YOU surely didn't think I would wait until you could hear Santa cursing as he squeezed his podge down your hot, sooty chimney before I mentioned the 'C' word, did you?
It's late. It's almost upon us. You can tell that by the tinsel on the telly and the glitter in the shop windows.
For weeks, the Argos catalogue has been the No1 bestseller for children. Strange how they are absorbed in a book and suddenly become literate as they make out their Christmas present lists, revising them a thousand times.
Me and mine are the worst Yuletide planners in the world. We know it comes round every year, and that it's some time in December, but it always takes us by surprise.
I know a chap who has had all his Christmas presents bought and wrapped since the January sales. He does not wear a red suit and drive a turbo-charged sleigh - he's just a tightwad.
Actually we spent the weekend rehearsing for Christmas. It was a big family birthday party in the Lake District and it reminded me of that big birthday in Bethlehem a couple of thousand years ago.
As there was no room at the inn-laws', we had to find a cowshed for the night. Just like Joseph and Mary, we spent hours on the Internet and on the mobile phones trying to find lodgings. There were vacancies but like that other tourist honeypot, York, they have this ridiculous policy of two-nights only. I hope they all finished up with empty beds.
You could tell it was almost Christmas in Ambleside because the place was heaving with people in shorts and T-shirts all looking in high-priced outdoor clothing shops or galleries displaying prints of mountains and lakes. That's all they have across there. No proper shops. No wonder all we ever get for Christmas from that neck of the woods is Kendal mint cake.
So the whole family was gathered for this celebration, the wine flowed and, as there was no one to do miracles with water, we had to keep going back to BoozeBusters to keep the festivities going.
Just like Christmas morning, the following day was one long round of holly-barbed hangovers and apologies for outrageous behaviour and unguarded comments. Talk about goodwill to all men.
Where's the magic of Christmas these days? When my daughter was growing up we had a cardboard template of a big boot print in which we would scatter talcum powder on the carpet making a set of 'snow' footprints from the door to the Christmas tree. If she noticed it did not melt, we said it was magic snow, and we always hoped she would not smell the perfume of Imperial Leather as we vacuumed it up later.
I was permanently scarred by Christmas when I was very young. I woke up early and excited one cold Christmas morn to find no presents. I went to my parents' room and the door was firmly closed. Inside I could hear screaming and finally a large, unkind woman opened the door and said "We're busy." She turned out to be something called a midwife and was busy 'delivering' my sister. Why couldn't she have simply posted her through the letter box with all the other presents?
There were complications - she turned out to be a 'blue' baby and somebody had tried to strangle her with something that sounded like an umbrella cord. My dad put me on the crossbar of his bike and we rushed off to find a doctor. Of course we had no phone and guess how pleased the doctor was to see us when he was just operating on a turkey.
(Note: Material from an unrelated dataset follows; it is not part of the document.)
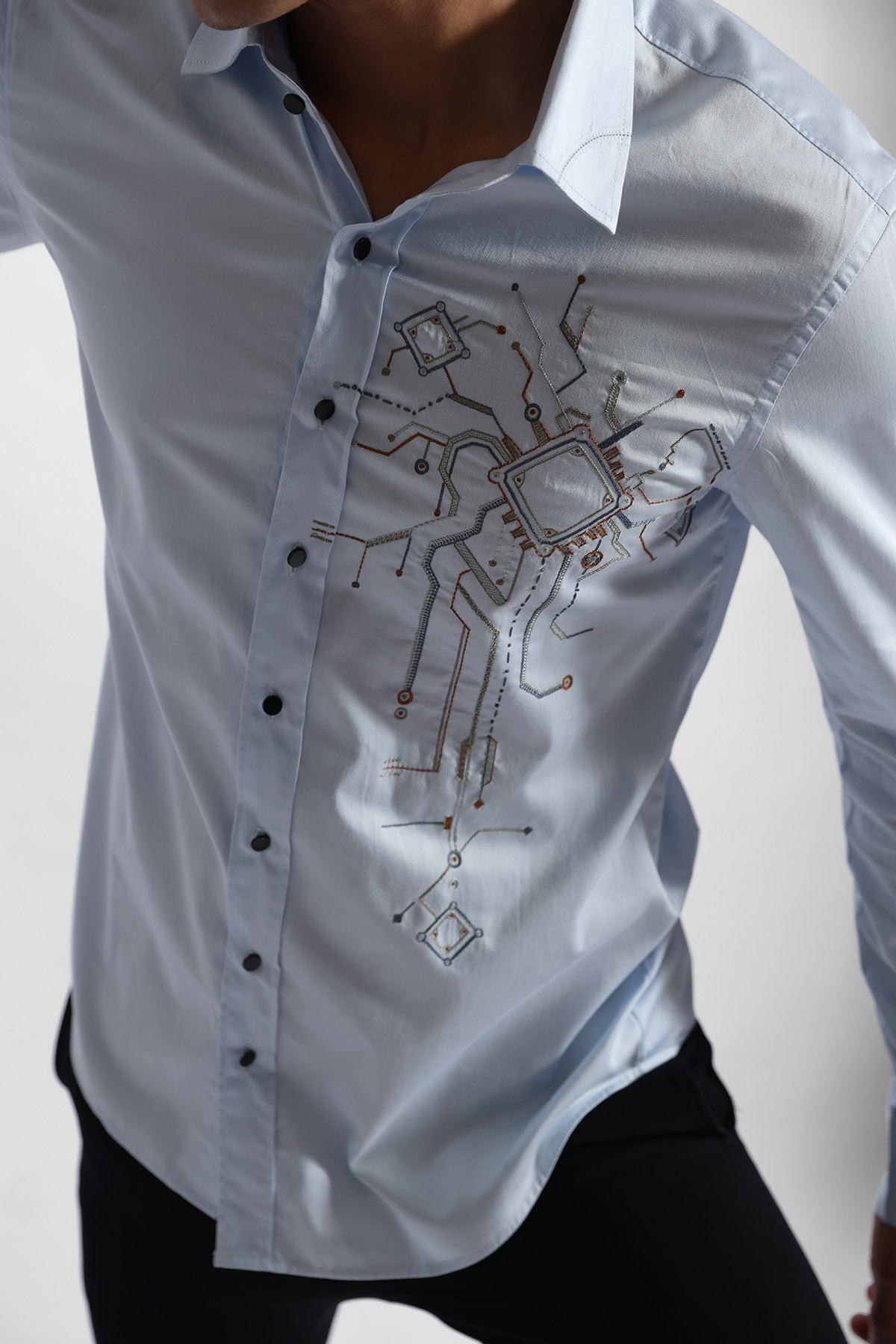 Powder Blue Thread Cotton Shirt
I could not wait to see my little sister. I'd never seen a blue person before. What would the other children say when she started school and looked like a Biro refill?
See what I mean about planning? Surely my parents could have planned for a summer baby so that I got my presents on time. And imagine how my sister has cursed ever since because she only gets one set of presents for Christmas and birthday.